**Task instructions**
Write out the entries below exactly, but only from the line containing "Comprar Sensor, presión" through the line containing "Рок-концерт HALLOWEEN 2024.", and without the pictures.

[[ Records shown open ]]

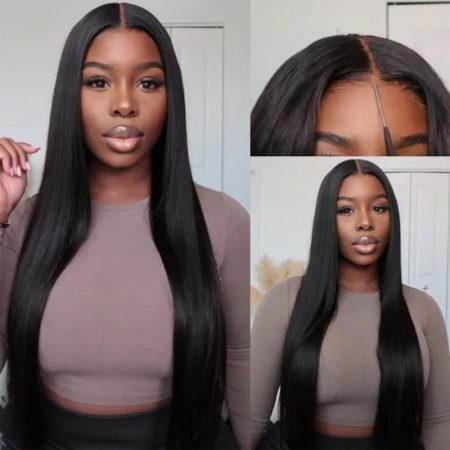 13x4 full frontal hd lace wig glueless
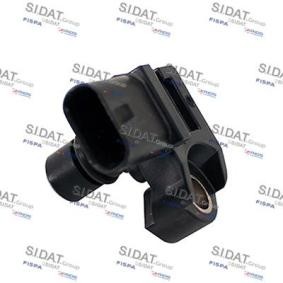 Comprar Sensor, presión colector de admisión de SIDAT 84.3131A2 a bajo precio de 44,45 €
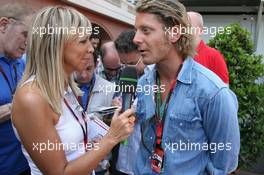 24.05.2007 Monte Carlo, Monaco,  Lapo Elkann (ITA), Heir to FIAT - Formula 1 World Championship, Rd 5, Monaco Grand Prix, Thursday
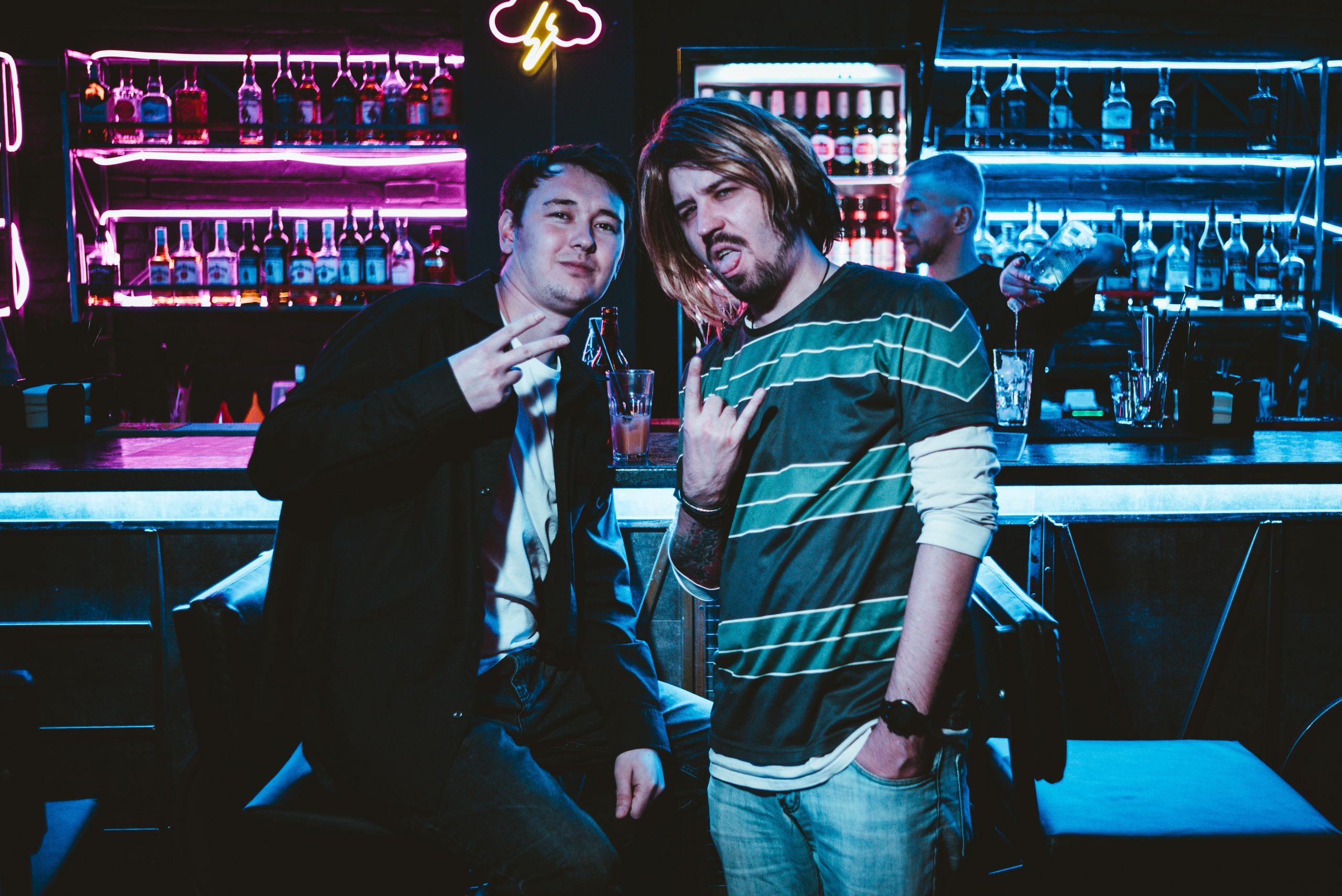 Рок-концерт HALLOWEEN 2024. Фотограф Улан-Удэ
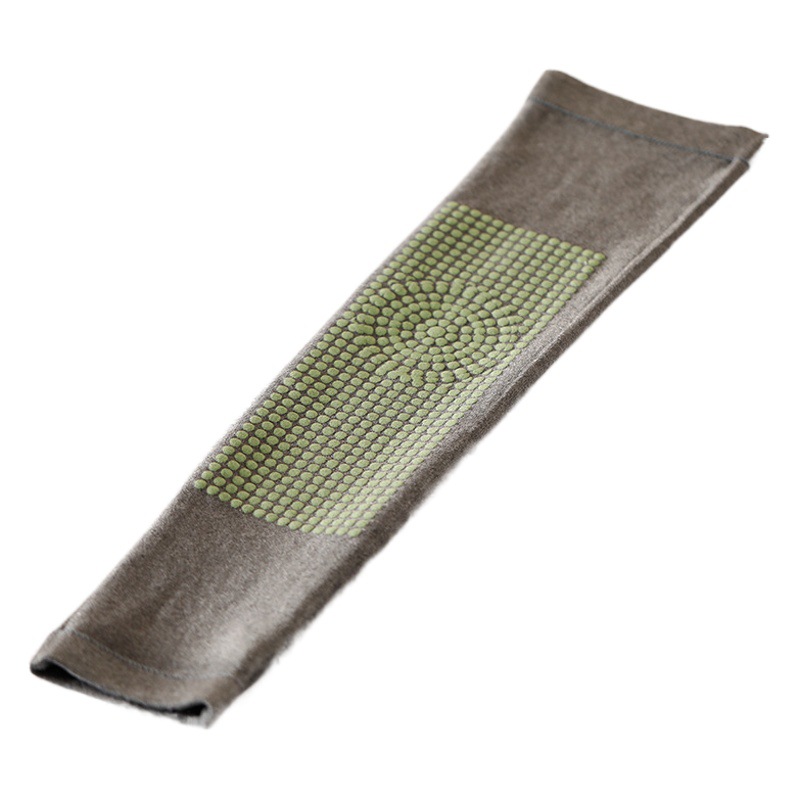 Mugwort Cashmere Knee Pads for Warmth, Unisex, Extended Length, Winter Leg Protection for Elderly with Chronic Cold Legs, Over-The-Knee Protection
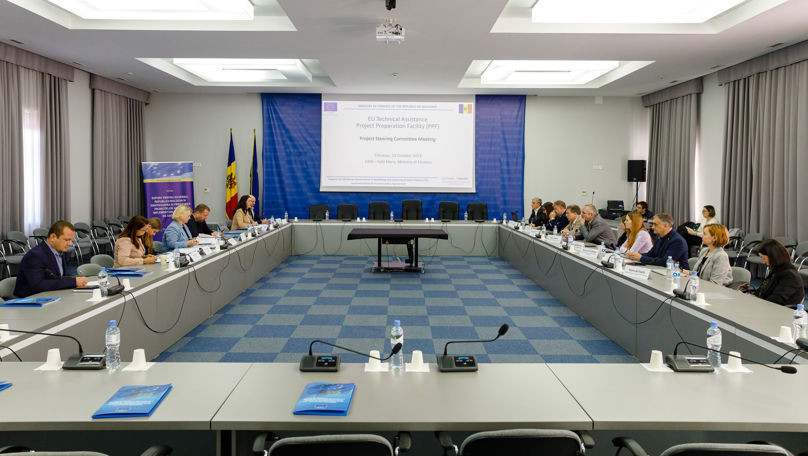 Asistența oferită de UE Ministerului Finanțelor, discutată la Chișinău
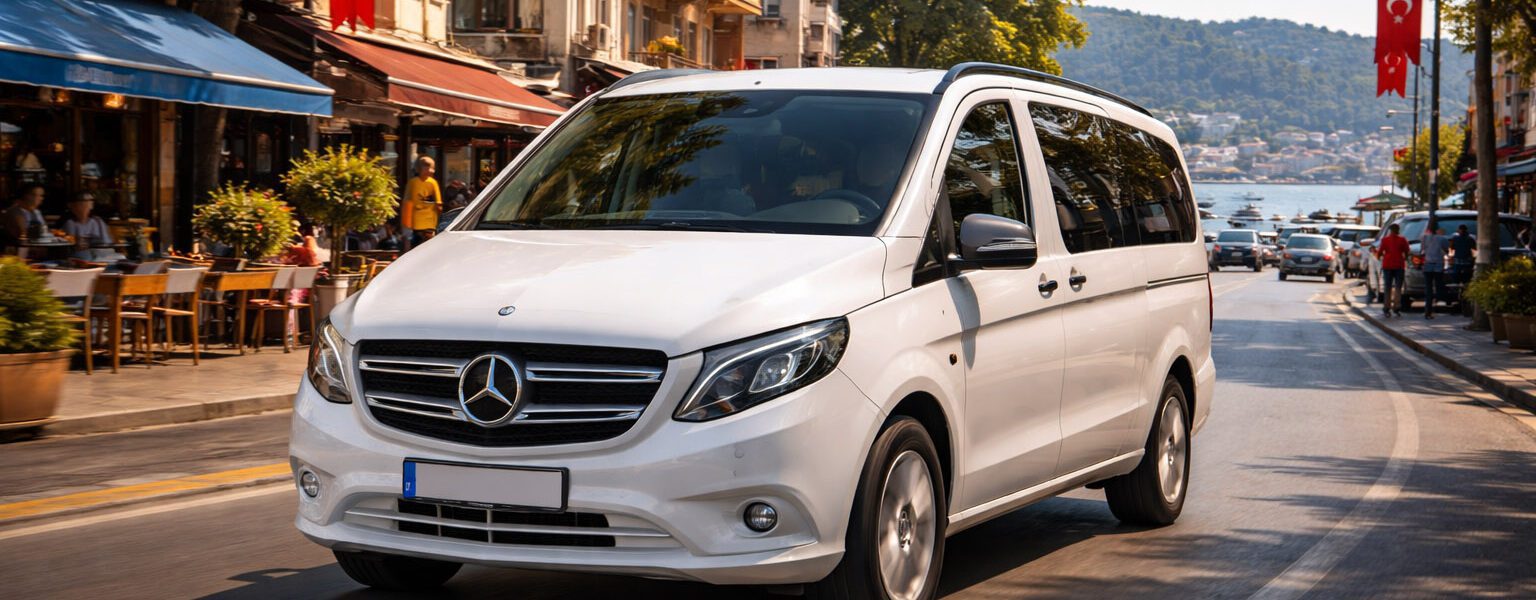 Transfer from Istanbul Airport to Sarıyer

[[ Records shown closed ]]

**Exercise output**
 Comprar Sensor, presión colector de admisión de SIDAT 84.3131A2 a bajo precio de 44,45 €
 24.05.2007 Monte Carlo, Monaco,  Lapo Elkann (ITA), Heir to FIAT - Formula 1 World Championship, Rd 5, Monaco Grand Prix, Thursday
 Рок-концерт HALLOWEEN 2024. Фотограф Улан-Удэ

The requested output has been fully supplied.